En Guinée-Bissau, le président Embalo dissout le Parlement après la « tentative de coup d’État »

En Guinée-Bissau, le président Embalo dissout le Parlement après la « tentative de coup d’État »

Trois jours après les affrontements armés qui ont secoué la Guinée-Bissau, le président Umaro Sissoco Embalo a annoncé lundi la dissolution du Parlement dominé par l’opposition, sans préciser le calendrier des futures élections législatives.

Le président bissau-guinéen Umaro Sissoco Embalo a décidé de dissoudre, lundi 4 décembre, le Parlement dominé par l’opposition. Une annonce qui intervient trois jours après des affrontements armés que le dirigeant qualifie de « tentative de coup d’État ».

« La date des prochaines élections législatives sera fixée le moment opportun, conformément aux dispositions (…) de la Constitution », dit un décret présidentiel communiqué à la presse.

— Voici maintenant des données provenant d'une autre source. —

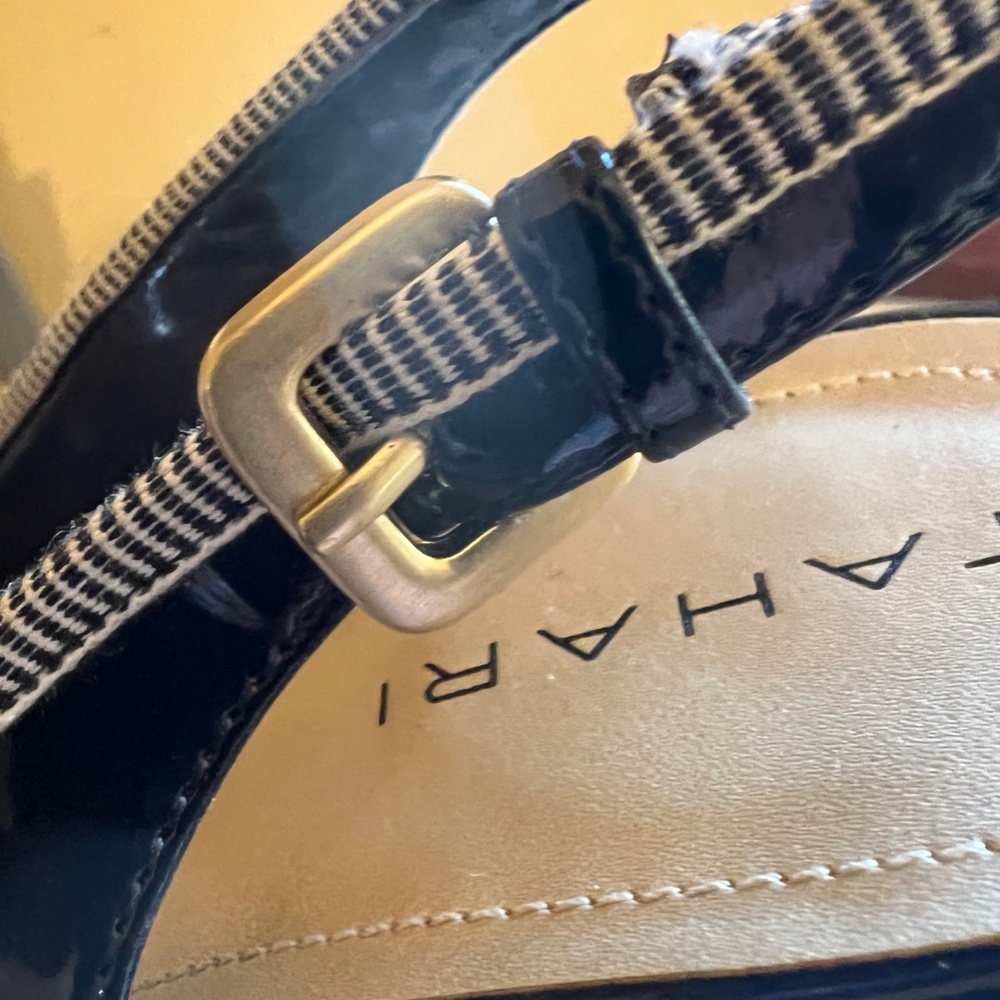 TAHARI Sling Back Navy Patent Leather Shoe with Striped Piping and Bow 7.5 Size - Picture 12 of 12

Le président Embalo invoque la « complicité » entre la Garde nationale, le corps impliqué dans les affrontements avec la Garde présidentielle jeudi soir et vendredi, et « certains intérêts politiques au sein même de l’appareil d’État ». « Après cette tentative de coup d’État menée par la Garde nationale et devant les preuves fortes de l’existence de complicités politiques, le fonctionnement normal des institutions de la République est devenu impossible. Ces faits confirment l’existence d’une grave crise politique », dit-il.

Fractures politiques profondes au cœur de l’État

La Guinée-Bissau évolue dans une instabilité politique chronique et a connu depuis son indépendance du Portugal en 1974 une kyrielle de coups de force, le dernier en février 2022.

Des éléments de la Garde nationale ont fait irruption jeudi soir dans les locaux de la police judiciaire pour en extraire le ministre de l’Économie et des Finances, Souleiman Seidi, et le secrétaire d’État au Trésor public, Antonio Monteiro, qui y étaient interrogés. Puis ils se sont mis à l’abri dans un camp militaire de la capitale Bissau, et ont résisté jusqu’à vendredi matin par les armes.

Les affrontements, qui ont fait au moins deux morts, illustrent une nouvelle fois les fractures politiques profondes au cœur de l’État entre la présidence et le gouvernement, et qui traversent aussi les forces de sécurité.

La Garde nationale relève essentiellement du ministère de l’Intérieur, donc du gouvernement, lui-même émanation du Parlement dominé par l’opposition. Le parquet, qui a ordonné l’interpellation des deux membres du gouvernement, répond à la présidence.

Les législatives de juin 2023 ont donné la majorité absolue à une coalition constituée autour de l’historique Parti africain pour l’indépendance de la Guinée et du Cap-Vert (PAIGC), vieil adversaire du président. Umaro Sissoco Embalo, qui dirige le pays depuis 2020, s’est retrouvé condamné à la cohabitation avec le gouvernement.

« Passivité » du gouvernement

Dans son décret, le président dénonce la « passivité du gouvernement » face aux événements. Il assure que le but de la Garde nationale, en cherchant à libérer les deux membres du gouvernement, était d’entraver les investigations diligentées par le parquet.

Les deux membres du gouvernement avaient été placés en garde à vue jeudi et interrogés à propos d’un retrait de dix millions de dollars des caisses de l’État. L’affaire avait été abordée auparavant au Parlement.

Le président Embalo accuse le Parlement d’avoir « préféré défendre des membres de l’exécutif soupçonnés d’actes de corruption portant gravement atteinte aux intérêts supérieurs de l’État » plutôt que de « lutter pour l’application rigoureuse de la loi (…) et d’exercer son rôle de contrôle des actes du gouvernement ». Umaro Sissoco Embalo avait prévenu samedi que les troubles auraient de « lourdes conséquences ».